> Your objective
Pictures in the listing below are skipped, while the lines from the "A woman with" line through the "Stampo per agnolotti" line are returned word for word.

> Information provided
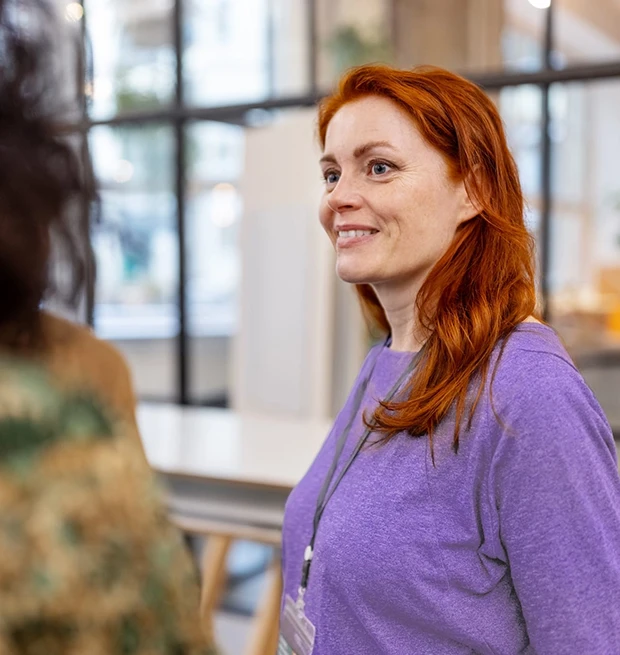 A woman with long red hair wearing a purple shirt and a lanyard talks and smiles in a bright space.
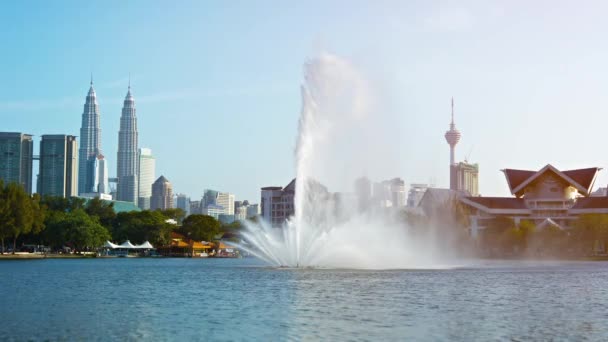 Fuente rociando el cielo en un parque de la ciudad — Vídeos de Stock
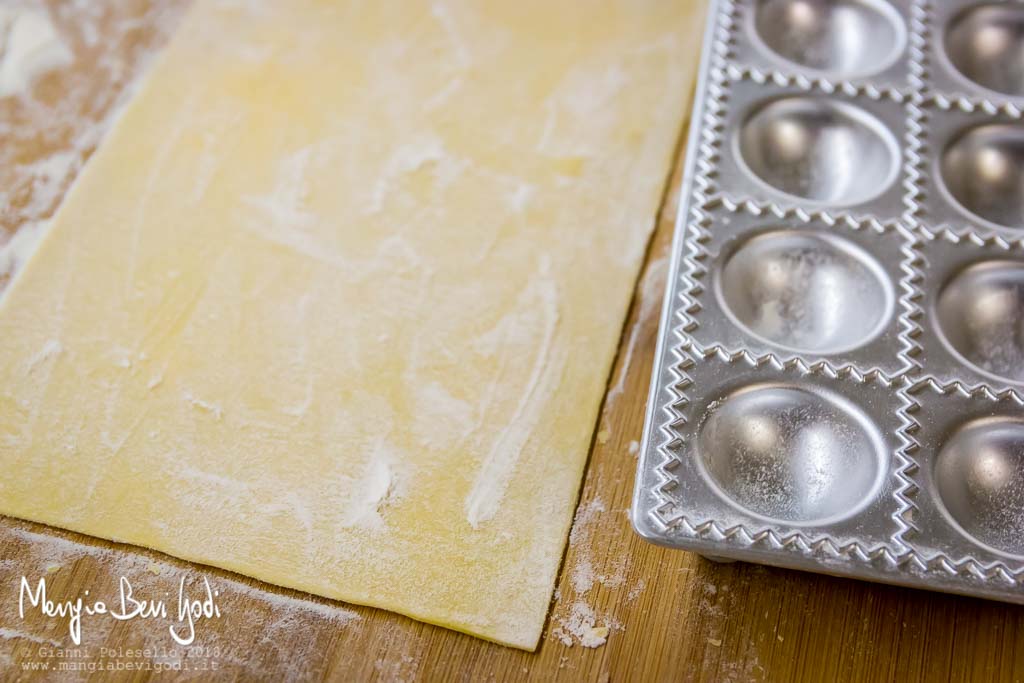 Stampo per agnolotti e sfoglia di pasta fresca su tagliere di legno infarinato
==
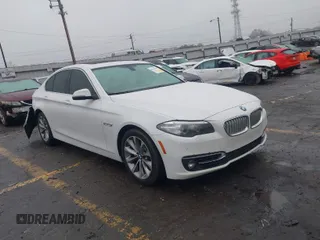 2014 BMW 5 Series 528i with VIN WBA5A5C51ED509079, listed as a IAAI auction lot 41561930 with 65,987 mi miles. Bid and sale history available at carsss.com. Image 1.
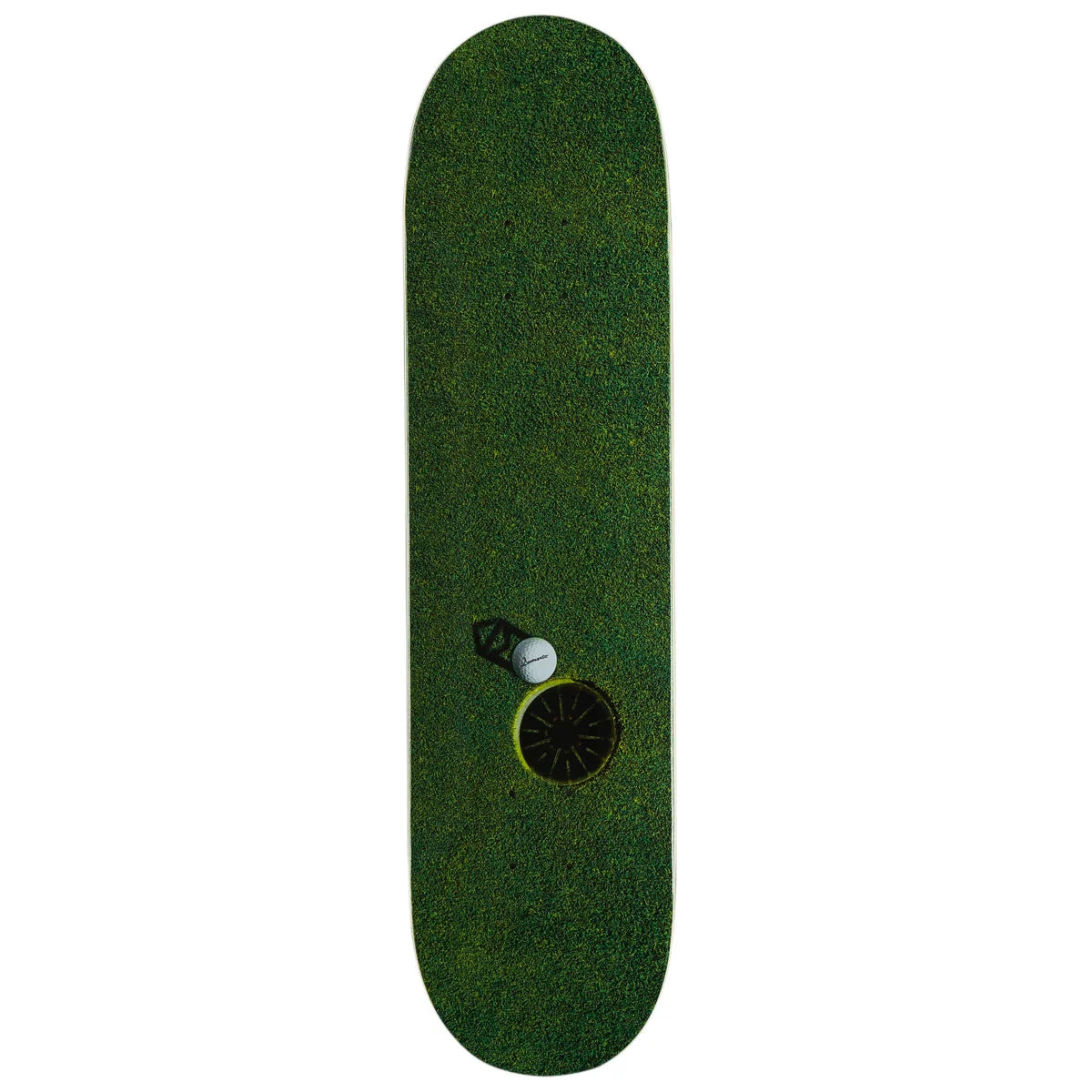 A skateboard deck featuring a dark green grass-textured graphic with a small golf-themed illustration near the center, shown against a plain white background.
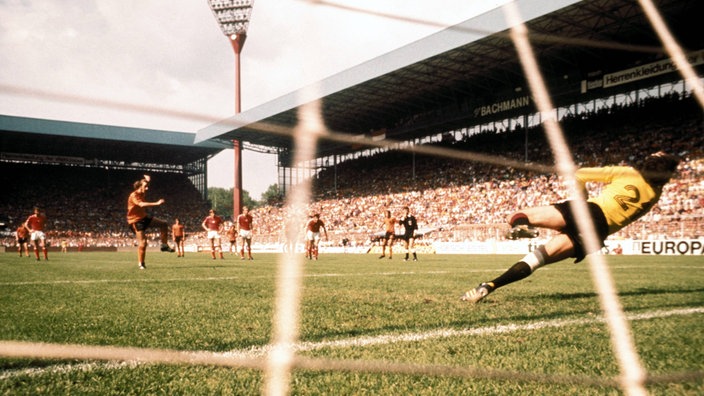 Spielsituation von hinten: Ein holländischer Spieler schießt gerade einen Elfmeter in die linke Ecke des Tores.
==
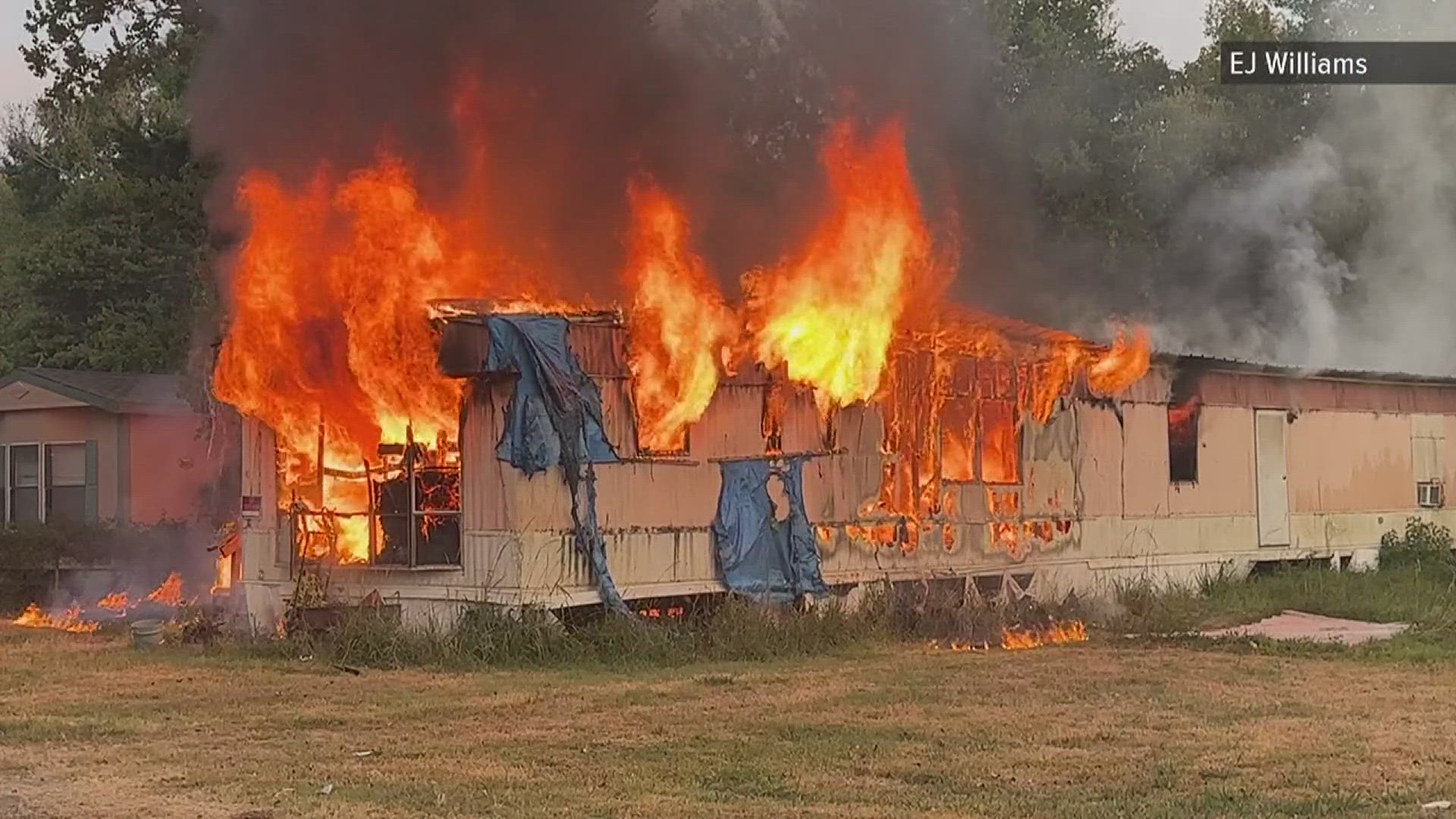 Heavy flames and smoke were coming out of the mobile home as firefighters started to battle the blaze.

> Written solution
 A woman with long red hair wearing a purple shirt and a lanyard talks and smiles in a bright space.
 Fuente rociando el cielo en un parque de la ciudad — Vídeos de Stock
 Stampo per agnolotti e sfoglia di pasta fresca su tagliere di legno infarinato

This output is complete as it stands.